#### Recorded information:
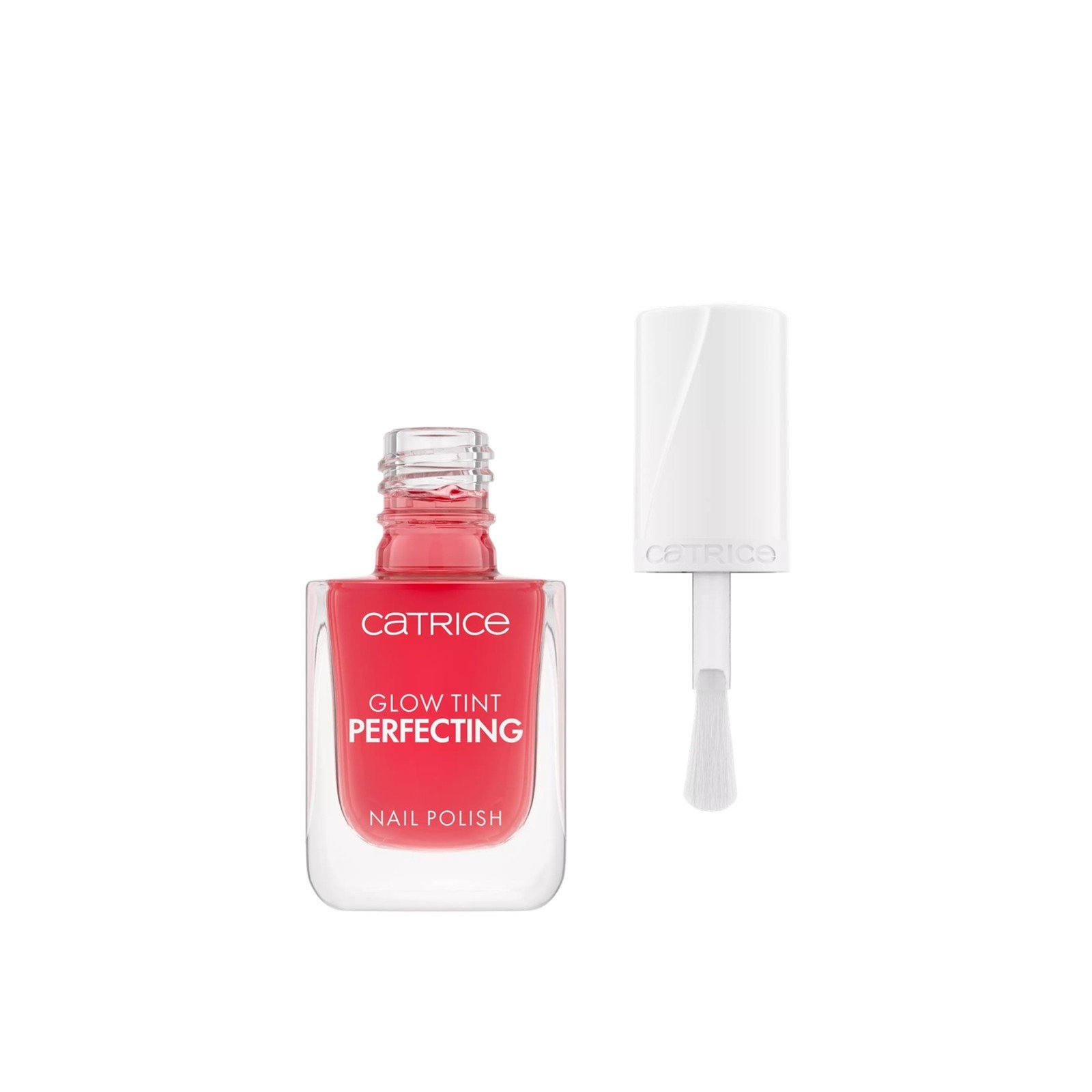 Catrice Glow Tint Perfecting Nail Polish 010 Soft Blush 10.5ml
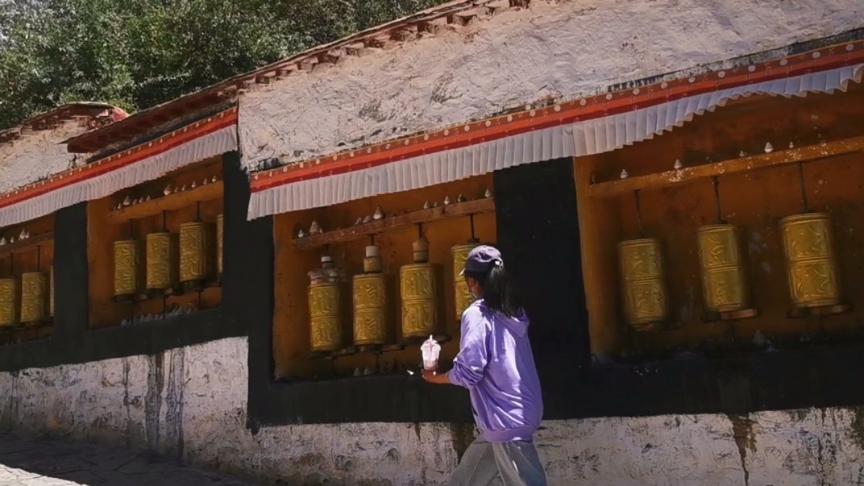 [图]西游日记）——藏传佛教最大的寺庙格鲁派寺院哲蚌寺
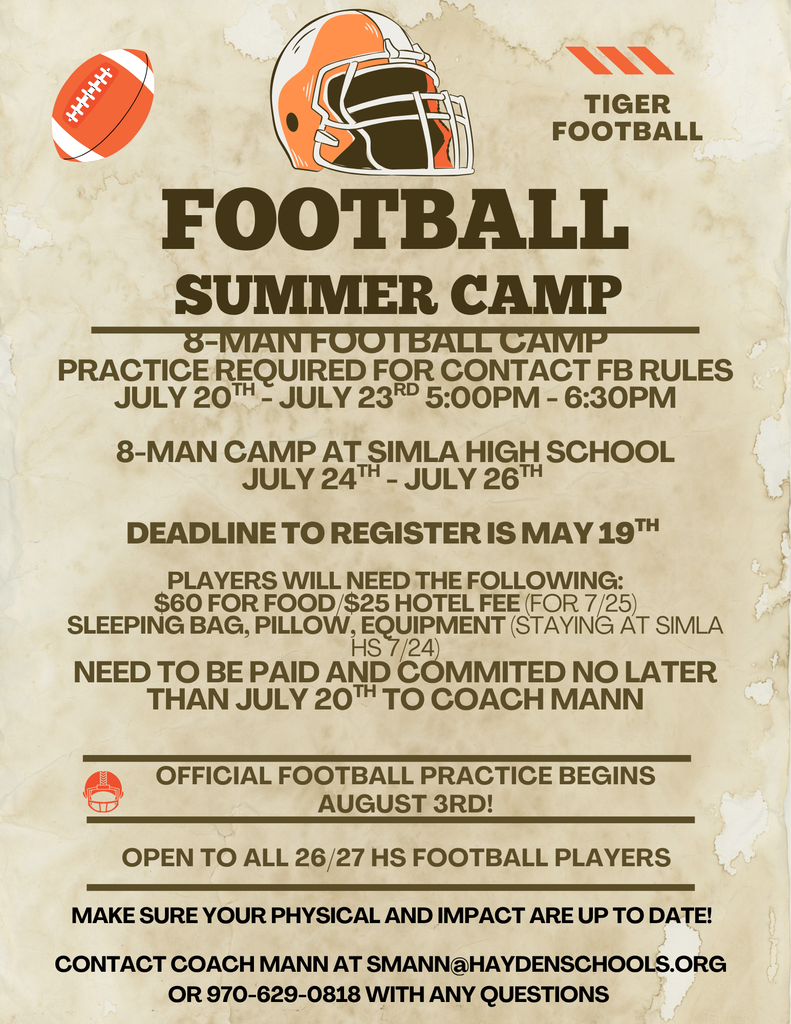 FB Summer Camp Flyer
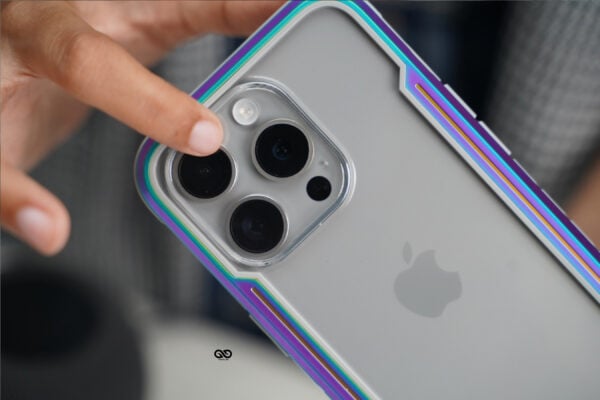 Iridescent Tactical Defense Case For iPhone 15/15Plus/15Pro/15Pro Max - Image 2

#### Action item:
Your job is to restate, word for word, only the lines from the one holding "FB Summer Camp Flyer" through the end of the material; pictures stay out.

#### Written answer:
 FB Summer Camp Flyer
 Iridescent Tactical Defense Case For iPhone 15/15Plus/15Pro/15Pro Max - Image 2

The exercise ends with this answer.